▶ [INSTRUCTIONS TO FOLLOW]:
For the records that follow, restate each one word for word and leave the images behind.

▶ [Scraped caption text data]:
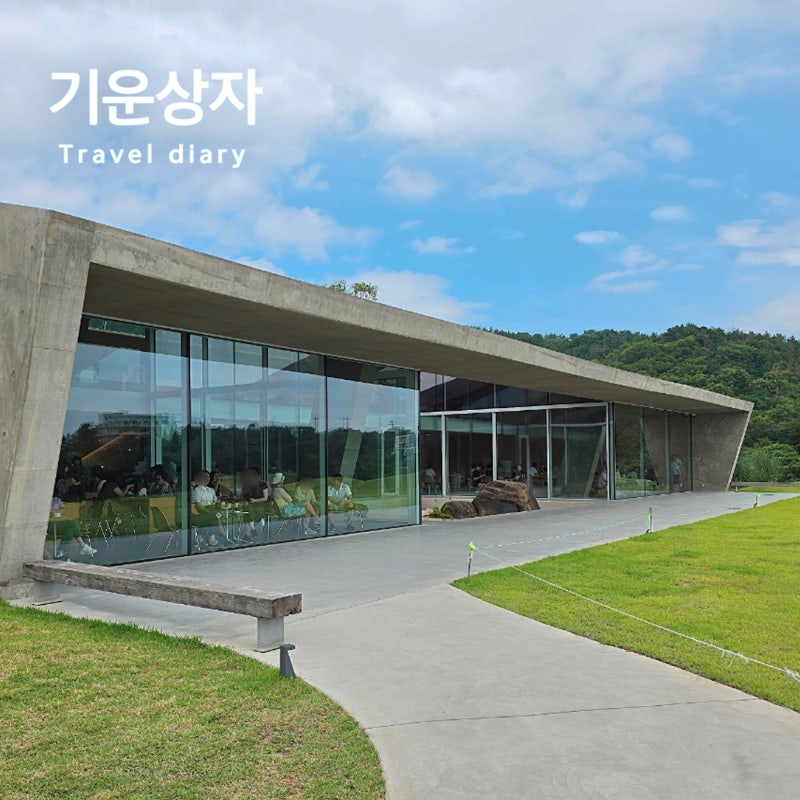 창원 마산 신상 대형카페 기운상자 제주도같은 힐링여행지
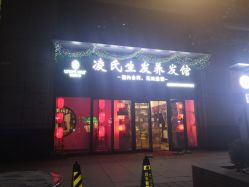 -凌氏生发养发馆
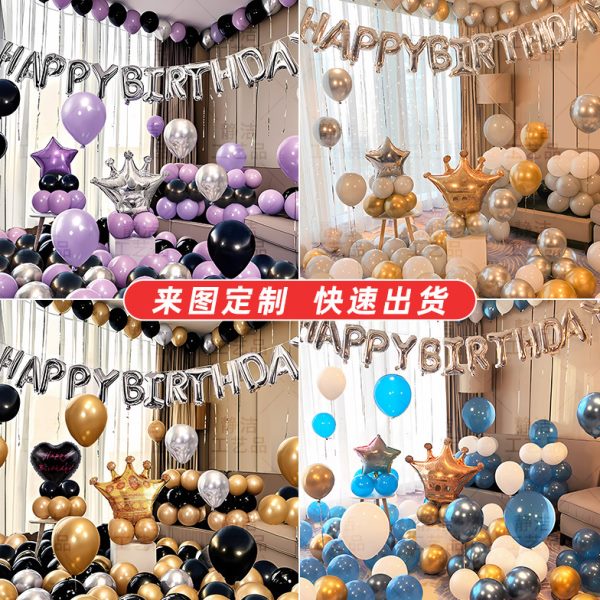 女朋友生日派对场景布置装饰品套装生女生儿童主题装饰气球套餐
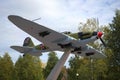 Soviet attack aircraft IL-2. A fragment of the monument to the defenders of Leningrad. Russia Royalty Free Stock Photo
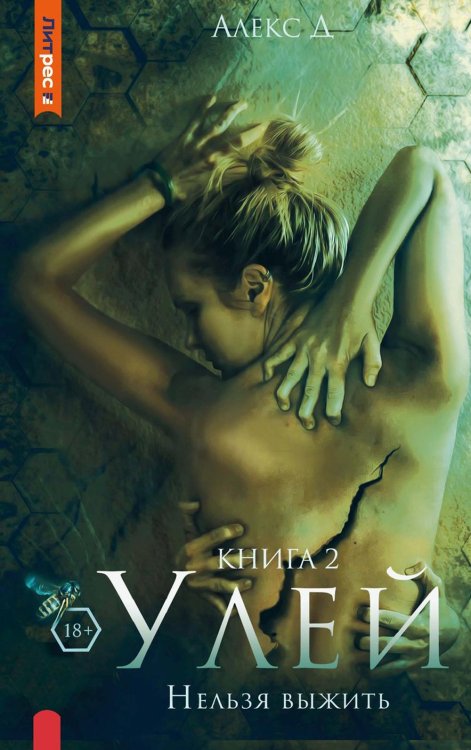 Улей. Кн. 2. Нельзя выжить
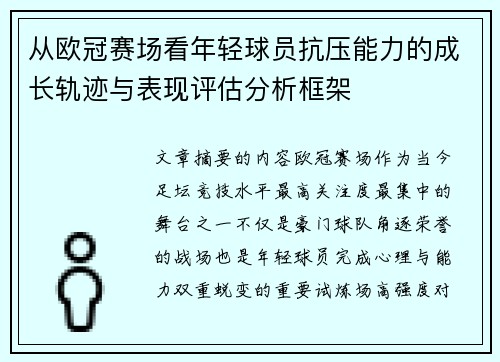 从欧冠赛场看年轻球员抗压能力的成长轨迹与表现评估分析框架 从欧冠赛场看年轻球员抗压能力的成长轨迹与表现评估分析框架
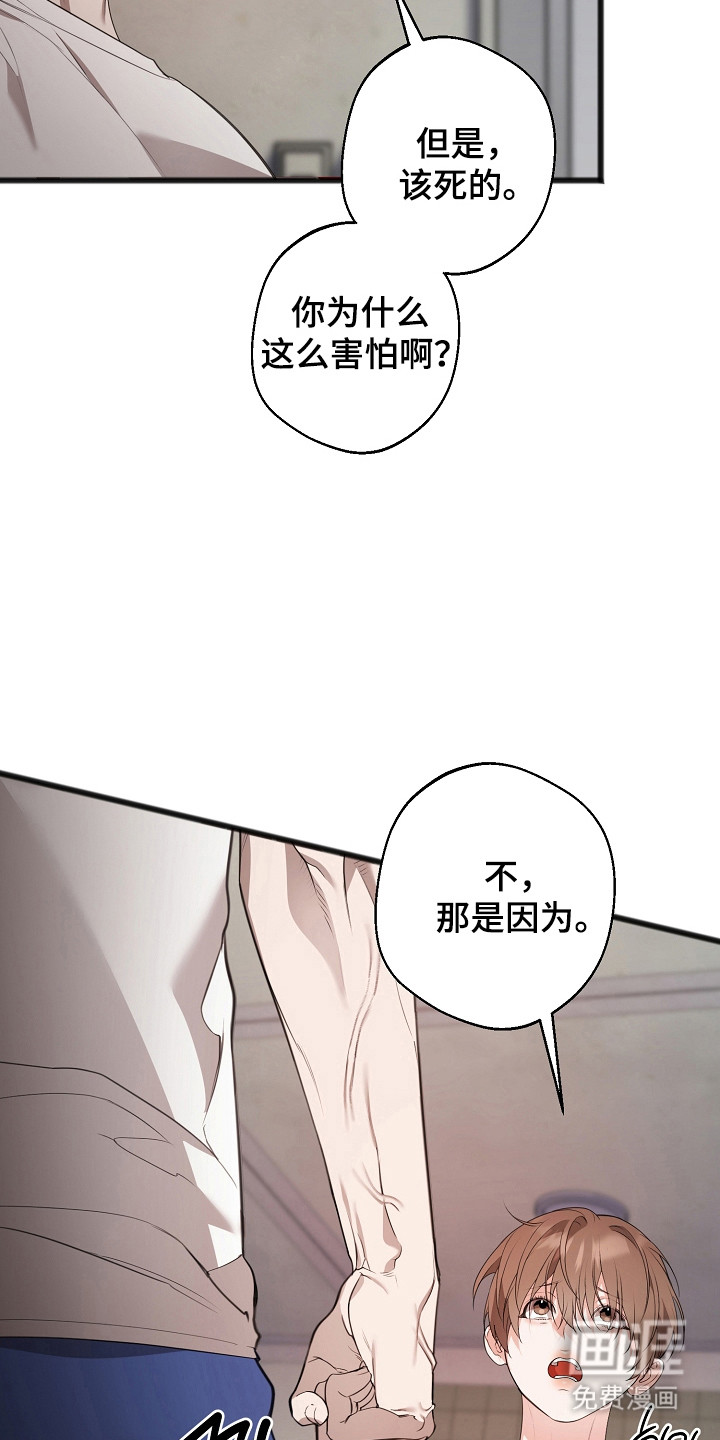 第18话17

▶ [EXERCISE ANSWER]:
 창원 마산 신상 대형카페 기운상자 제주도같은 힐링여행지
 -凌氏生发养发馆
 女朋友生日派对场景布置装饰品套装生女生儿童主题装饰气球套餐
 Soviet attack aircraft IL-2. A fragment of the monument to the defenders of Leningrad. Russia Royalty Free Stock Photo
 Улей. Кн. 2. Нельзя выжить
 从欧冠赛场看年轻球员抗压能力的成长轨迹与表现评估分析框架 从欧冠赛场看年轻球员抗压能力的成长轨迹与表现评估分析框架
 第18话17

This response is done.